And this is our first year of this garden, which is promisingly beautiful too. Little blue muscari are springing up here and there, and we have little yellow celandine. The cowslips I liberated from Mytholmroyd are beginning to flower, too. The green leafy thing turns out to be a camellia. Very pretty, too. And the thing with little furry buds like rabbit paws is finally doing something, and what a surprise! It's a magnolia and I always thought I'd like one of those. It just gets better.

Unfortunately I also have a merry little display of chickweed, bittercress, dandelions, groundsel, great hawking thugweed and ground elder. (I made up great hawking thugweed, but the rest are real.) Apparently ground elder was brought to this country by the Romans, and I don't suppose anybody asked them why. They were Italian, for heaven's sake. They could have brought wine, or at least a vine or two to get us started, or garlic bread, bolognese sauce and tiramisu. They could have brought opera, or sculpture, or a few decent footballers wouldn't go amiss, not with Newcastle the way they are now. But no. The Romans brought us a pernicious weed. Nearly two thousand years since they left the Roman Wall and I'm still digging the stuff out.

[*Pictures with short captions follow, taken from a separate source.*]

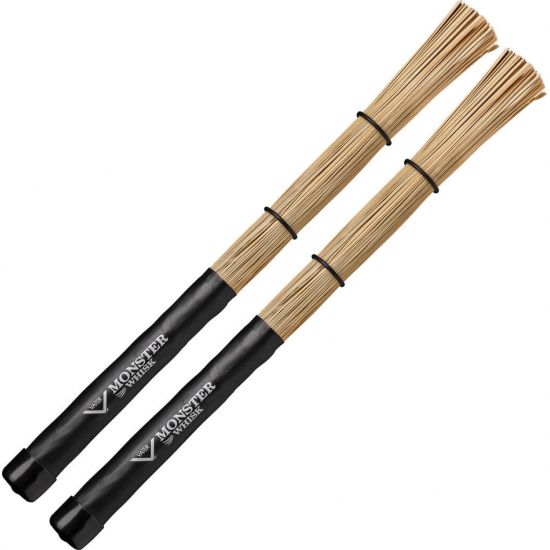 VBMWSK - Rods de batterie Monster Whisk
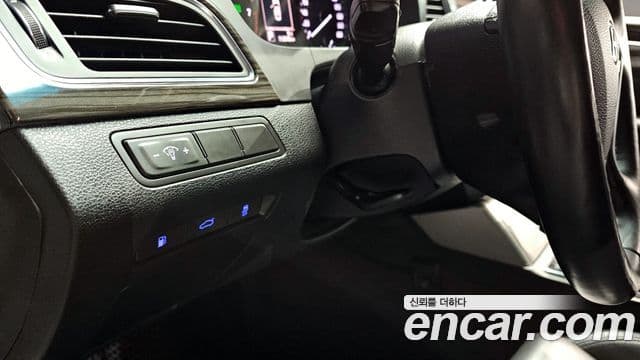 Hyundai LF Sonata 2.0 Smart, 2015 14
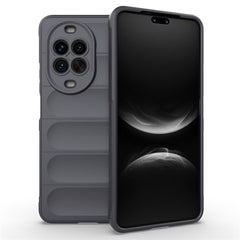 Coque arrière robuste et anti-chute en TPU souple pour Huawei Nova 14 Pro 5G 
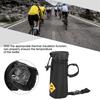 B Soul Cycling Bicycle Bike Water Bottle Holder Bag Portable Kettle Cage (L)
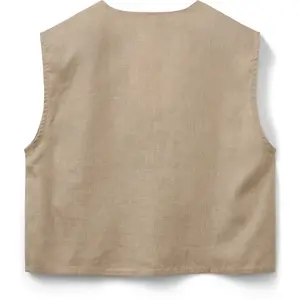 Dames kostuumvest Sofie Schnoor Inaya image-1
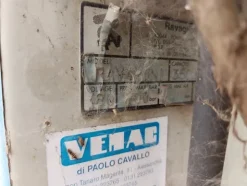 1#6270 Officina meccanica per autoveicoli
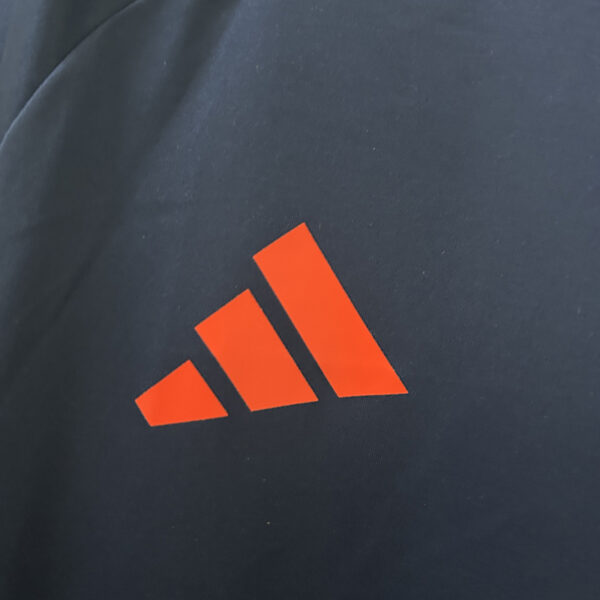 25/26 Flamengo training suit Royal Blue
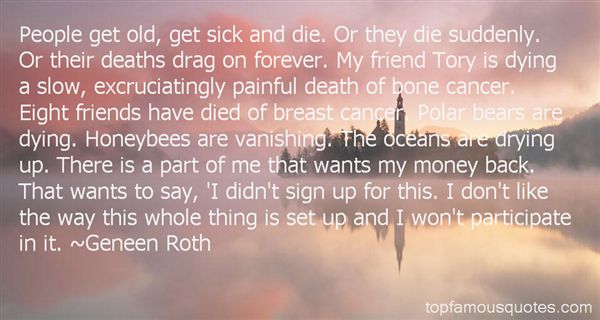 Quotes About Facing Death. QuotesGram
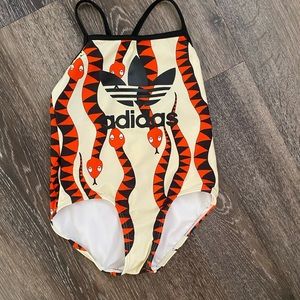 Adidas x Mini Rodini
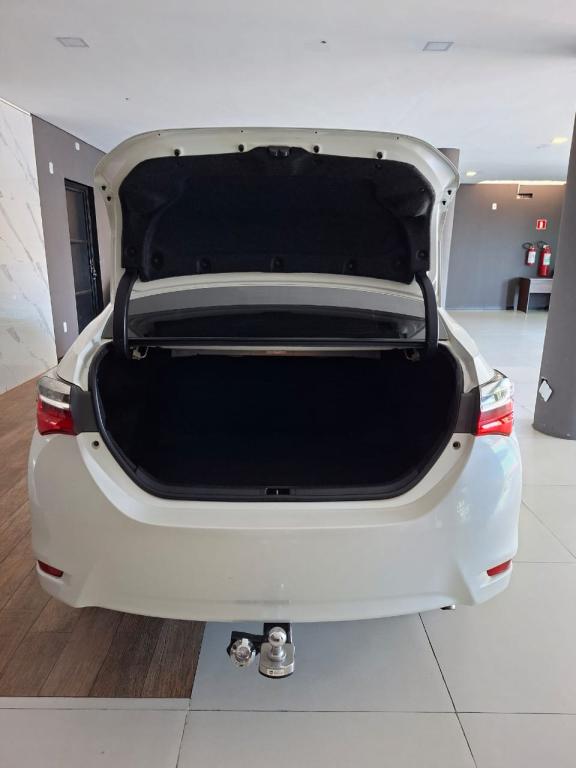 TOYOTA Corolla - Foto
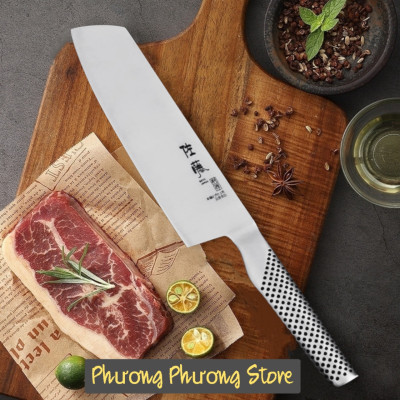 DAO THÁI CÔNG NGHỆ NHẬT ĐẲNG CẤP SATO JAPAN Mẫu Mới SIÊU BÉN - CÔNG NGHỆ ĐÚC NGUYÊN KHỐI NHẬT BẢN 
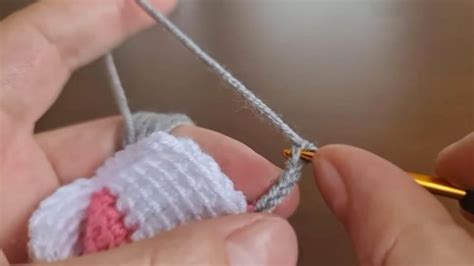 Очень красивое тунисское вязание / Я - суперпупер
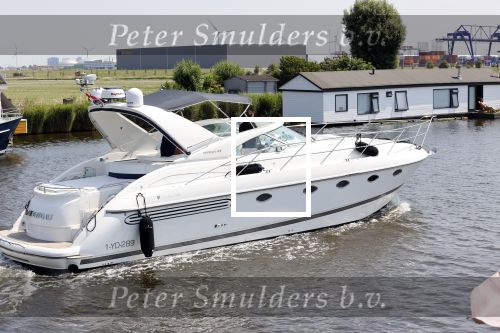 Assendelft 26 juni 2020
Wolter Kroes en zijn vrouw Tessa en zoon Tom gaan varen met zijn prachtige boot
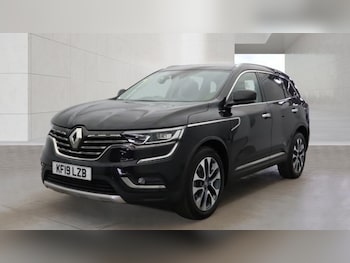 Used Renault Koleos 2019 for sale - 79353103: Photo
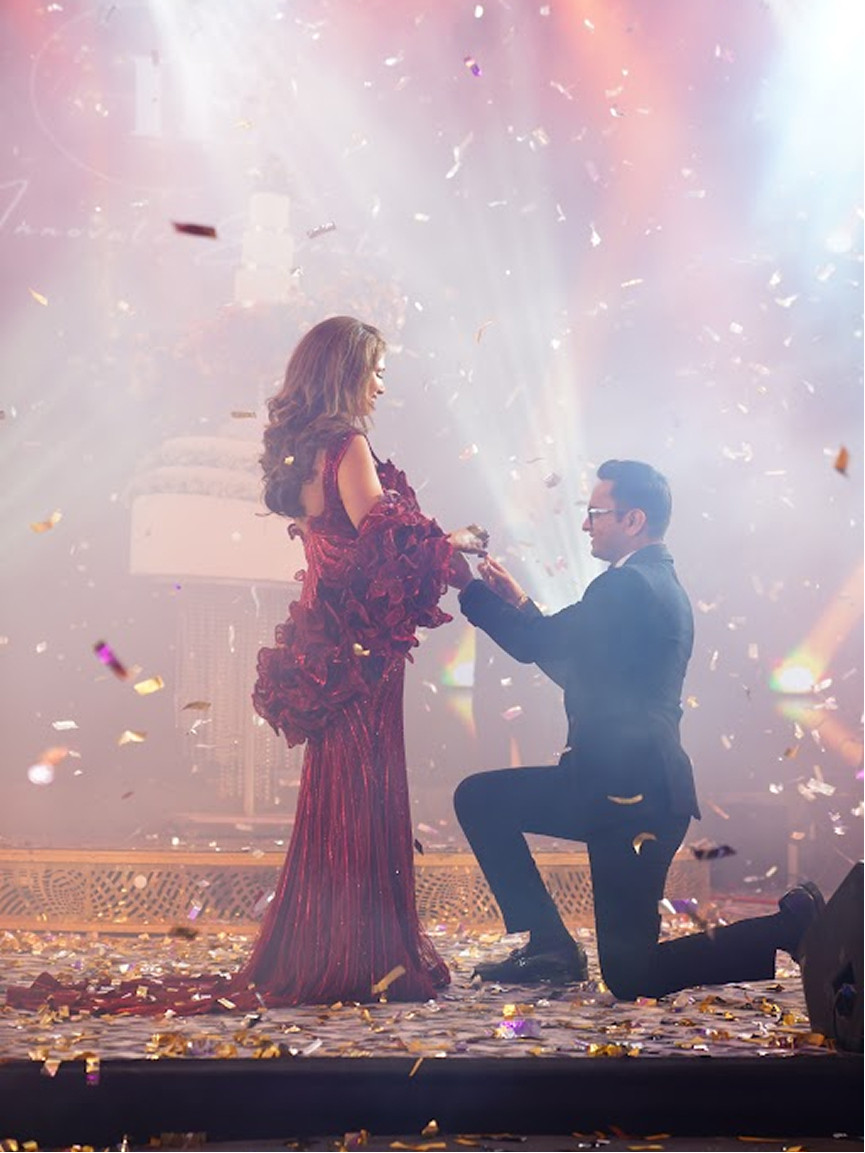 Engagement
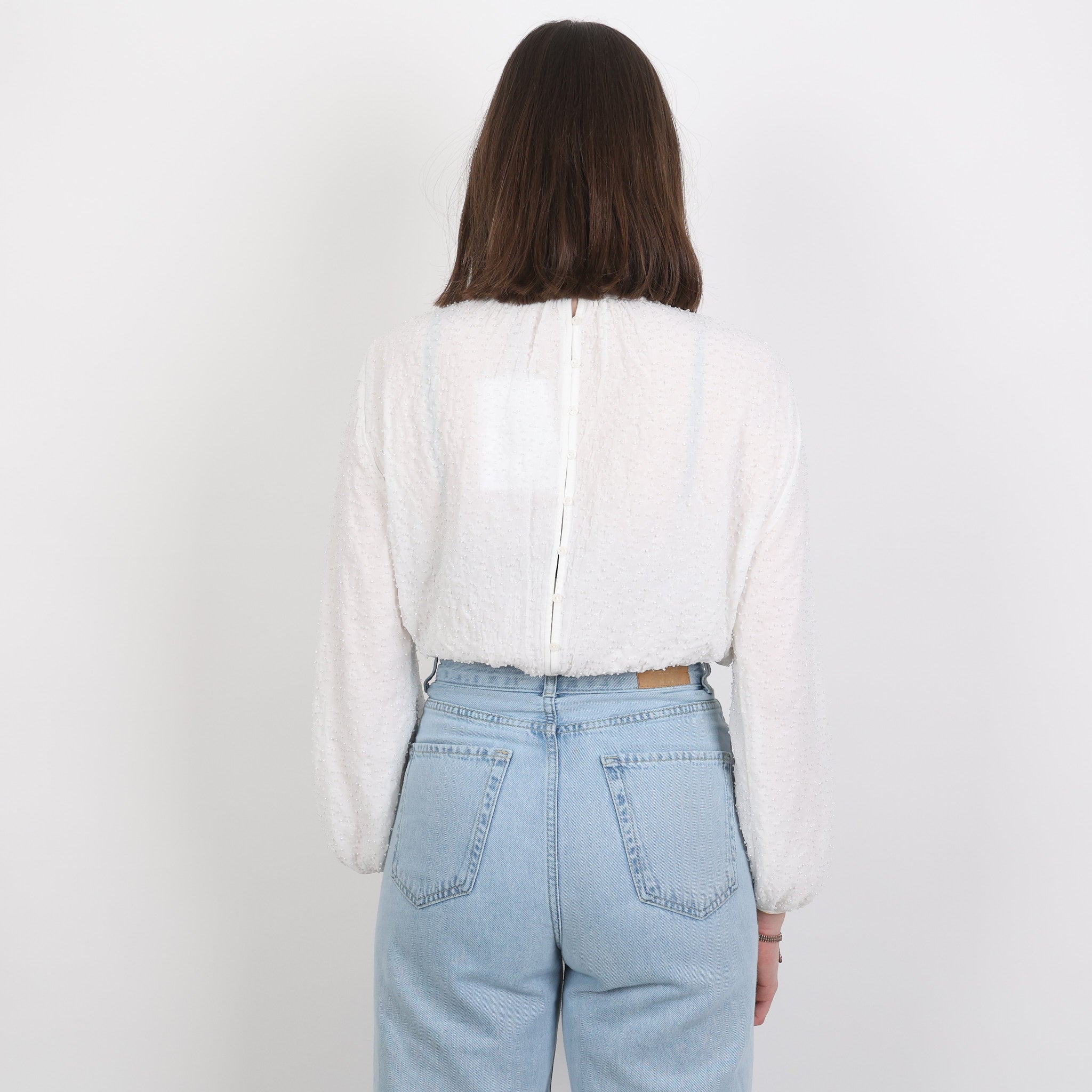 Top, UK Size 6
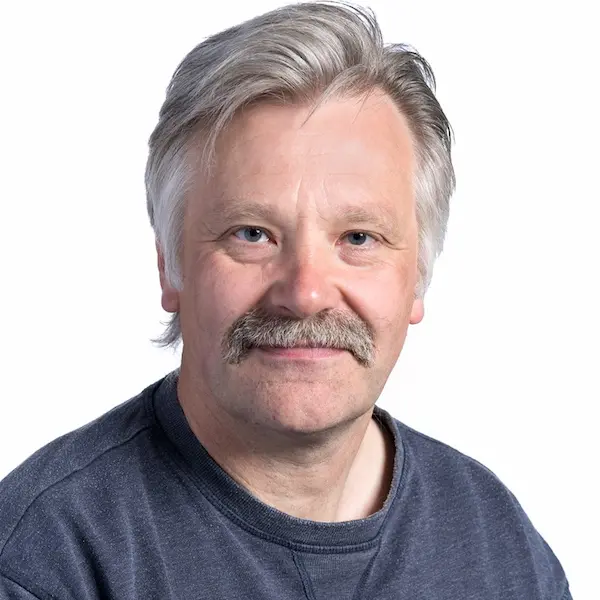 Kjeld Markussen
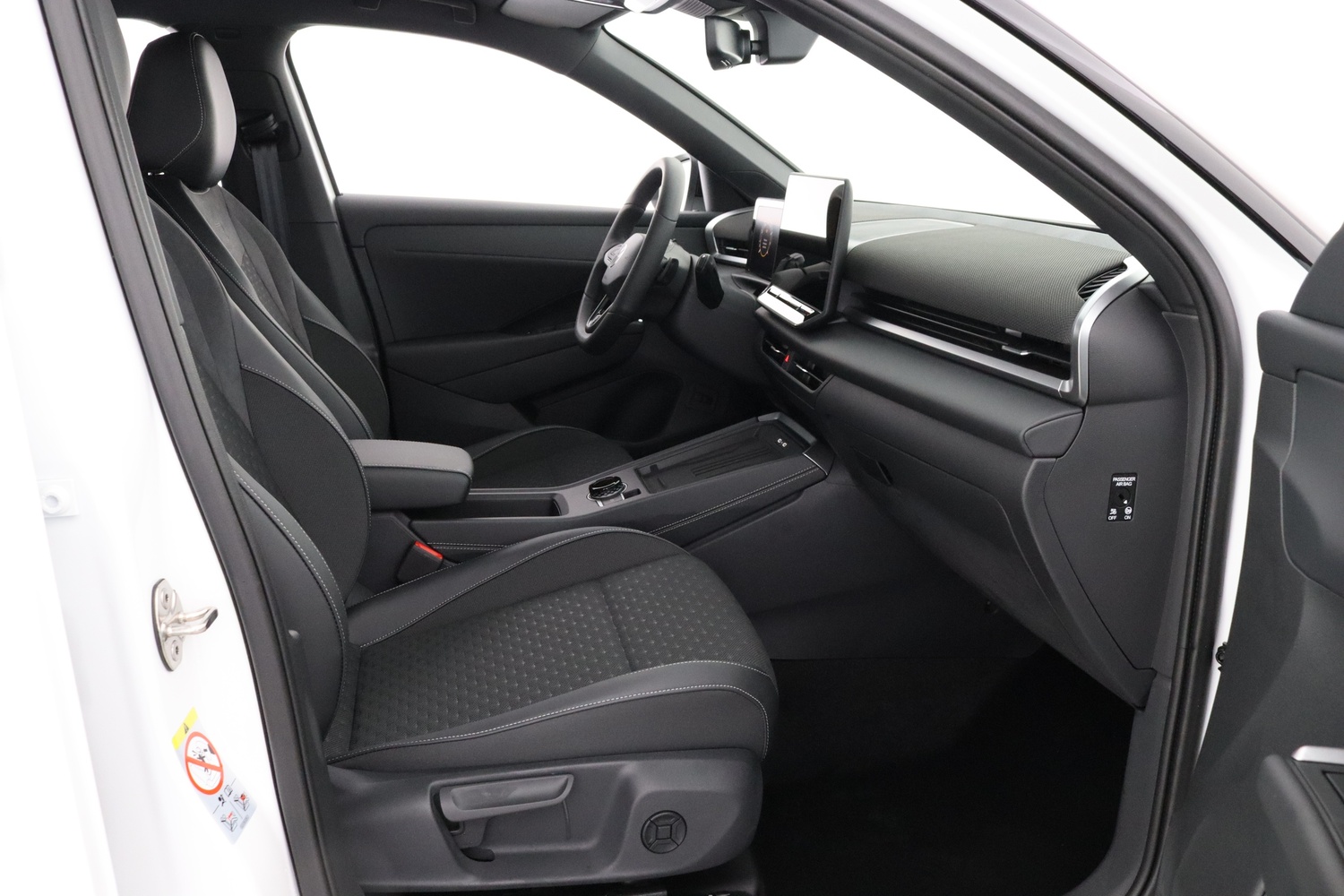 heti ajoon Volkswagen T-Roc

Listen for the evil chuckle. I have ways of dealing with ground elder.

Thursday, 3 April 2014


I do not play games on the computer. It's addictive, and a complete waste of time. So I've made that clear.

Running through the e-mails this morning, I found one from the e-card people at It featured their new Easter card, and I took a moment out to have a look. it's about Chudleigh the dog and a lot of very talented rabbits, and as a little extra they put on a game. It's a grid of prettily coloured Easter eggs. You have to find groups of matching eggs and zap them. I don't do these games, but I dipped my toe in the water to have a little go at Level One and see how it went.

OK, now who can bet Level 7 with a final score of 7048?

In my defence, I didn't go back for another try. I have a book to write, and the proofs have just arrived for something I will tell you about in a little while. My first text for a picture book!

Much is very happy, and he and his snail are getting on very well with a stone tortoise. They're all a bit wet now, as the weather here is driecht (soggy and cold), but Mytholmroyd was pretty driecht, so they're used to it.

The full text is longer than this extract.